Martha is dying, but she is also immensely privileged. She has the means to access comfort for her final moments. It’s complicated, and in no way straightforward, but her wit, capital and friendship with Ingrid are the only way in which she has been able to make it happen. After Martha’s death Ingrid is, as predicted, heavily interrogated by the police who suspect her complicity. Thanks to her own pragmatism, initiative and foresight, Ingrid ensures she has a lawyer is on hand to support Ingrid, who only after this intervention is dismissed by police, a move that even Martha didn’t think to prepare her for. There is no mistaking how deep the ideologies behind death and its circumstances run in this part of the world. Had Ingrid been anything other than astute and well connected, we would have witnessed an entirely different drama.
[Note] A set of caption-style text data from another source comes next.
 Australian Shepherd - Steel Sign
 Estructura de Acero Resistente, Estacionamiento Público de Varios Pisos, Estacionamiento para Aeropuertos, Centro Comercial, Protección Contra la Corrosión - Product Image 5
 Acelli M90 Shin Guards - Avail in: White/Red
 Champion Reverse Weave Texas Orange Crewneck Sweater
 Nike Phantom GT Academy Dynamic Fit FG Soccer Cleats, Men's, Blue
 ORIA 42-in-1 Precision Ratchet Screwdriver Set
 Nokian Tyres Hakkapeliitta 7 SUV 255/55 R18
The film eloquently addresses dying with dignity at a time we would like to go And yes, we find ourselves contemplating death, perhaps of those we know and have already gone, or those who have had a close encounter with it, or maybe even our own. But in order to fully comprehend the gravity of the entire film, we cannot leave the cinema without meditating on the unique nature of Martha and Ingrid’s friendship: Martha’s frank request for help, and Ingrid’s steadfast loyalty, the unique and solemn bond between them.   Death itself, although  central to the narrative, is not the tragedy, rather it is the strain of responsibility which Ingrid bears as the sole support. When, in the leadup to Martha’s death, Ingrid meets a friend with whom to disclose her situation, she is advised admirably ‘You’re the only person I know who doesn’t make others guilty about their suffering.’ And it’s true, Ingrid has suffered. Not the cancer or the subsequent gruelling battle, but the sole brunt of keeping her and Martha’s sanity intact while they navigate the terrain of euthanasia in a country where the death penalty is widely allowed across the country, but it’s illegal for a person to determine the quality of their death and, by extension, the people they choose to support them through it.  
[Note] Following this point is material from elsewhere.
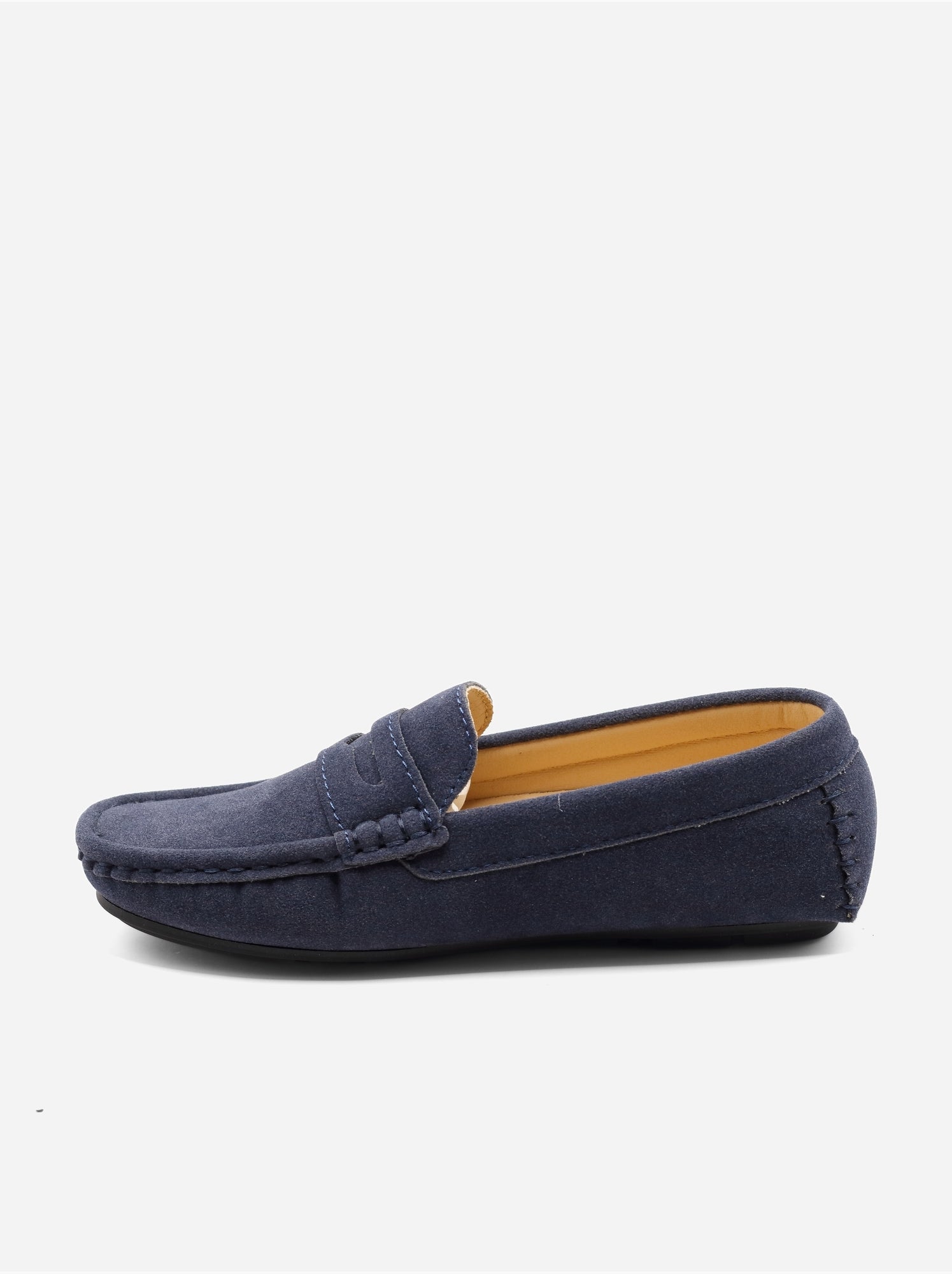 Mocassins à enfiler - Bleu foncé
‘Martha and Ingrid on the daybed’ Pedro Almodóvar, The room next door, 2024

Almodóvar’s film is stark in its messaging, poetic in its delivery and brutal but beautiful in its storytelling. It’s difficult to leave this film without meditating on death, if not that of others, then of our own. In the film’s final moments, Michelle meets with Ingrid at the house where Martha has died. Played too by Swinton, the appearance of Michelle is almost funny, who dons the same pale complexion, but whose face is framed by an auburn crop instead of her mother’s short white hair. Taking a bite of the fruit which Ingrid has offered, she discards the green top of a strawberry on the kitchen counter, listening earnestly to her mother’s closest confidante. With Swinton refusing (symbolically) to leave the film, embodying now her daughter, it isn’t that Martha is still ‘present’ — her death is in some ways the most certain thing about the film. Instead, Swinton’s return to the screen feels like a forceful reminder that we are engaged in a piece of fiction. The Martha we came to know was never really there, and the bodily vehicle through which Martha’s story has been told will continue now to tell the stories of others. And it’s a reality that the characters must come to terms with, in the same way that audiences will come to terms with death in their own lives. Once someone is gone, our way of remembering them is through recollection and story, always told through and by others. If, after death, we have no control of how our life is portrayed, what a privilege then for an individual to determine their final moments.